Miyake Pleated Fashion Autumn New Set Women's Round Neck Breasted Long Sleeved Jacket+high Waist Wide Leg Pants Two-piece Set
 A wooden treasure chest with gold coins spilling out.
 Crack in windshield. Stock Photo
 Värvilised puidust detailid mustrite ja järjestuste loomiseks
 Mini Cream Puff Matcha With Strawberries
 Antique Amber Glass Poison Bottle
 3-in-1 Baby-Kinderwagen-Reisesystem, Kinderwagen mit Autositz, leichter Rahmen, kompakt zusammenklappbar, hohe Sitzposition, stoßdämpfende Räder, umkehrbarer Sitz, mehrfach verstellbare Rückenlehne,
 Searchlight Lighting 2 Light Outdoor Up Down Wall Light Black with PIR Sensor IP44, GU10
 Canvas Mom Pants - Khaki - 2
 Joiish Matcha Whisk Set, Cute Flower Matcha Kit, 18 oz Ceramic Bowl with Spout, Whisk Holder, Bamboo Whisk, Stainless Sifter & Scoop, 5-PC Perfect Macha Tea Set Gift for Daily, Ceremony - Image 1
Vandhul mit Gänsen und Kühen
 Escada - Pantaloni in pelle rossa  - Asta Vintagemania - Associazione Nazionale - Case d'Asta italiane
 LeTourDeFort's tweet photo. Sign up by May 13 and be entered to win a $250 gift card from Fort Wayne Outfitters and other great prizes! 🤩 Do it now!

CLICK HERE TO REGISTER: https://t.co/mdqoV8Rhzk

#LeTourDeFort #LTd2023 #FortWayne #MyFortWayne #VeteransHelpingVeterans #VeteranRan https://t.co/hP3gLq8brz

**TASK STATEMENT**
Going back to the entries above, set down exactly the lines that begin at the one with "Värvilised puidust detailid" and end at the one with "Escada - Pantaloni", both included, and nothing else.

**FINAL ANSWER**
 Värvilised puidust detailid mustrite ja järjestuste loomiseks
 Mini Cream Puff Matcha With Strawberries
 Antique Amber Glass Poison Bottle
 3-in-1 Baby-Kinderwagen-Reisesystem, Kinderwagen mit Autositz, leichter Rahmen, kompakt zusammenklappbar, hohe Sitzposition, stoßdämpfende Räder, umkehrbarer Sitz, mehrfach verstellbare Rückenlehne,
 Searchlight Lighting 2 Light Outdoor Up Down Wall Light Black with PIR Sensor IP44, GU10
 Canvas Mom Pants - Khaki - 2
 Joiish Matcha Whisk Set, Cute Flower Matcha Kit, 18 oz Ceramic Bowl with Spout, Whisk Holder, Bamboo Whisk, Stainless Sifter & Scoop, 5-PC Perfect Macha Tea Set Gift for Daily, Ceremony - Image 1
Vandhul mit Gänsen und Kühen
 Escada - Pantaloni in pelle rossa  - Asta Vintagemania - Associazione Nazionale - Case d'Asta italiane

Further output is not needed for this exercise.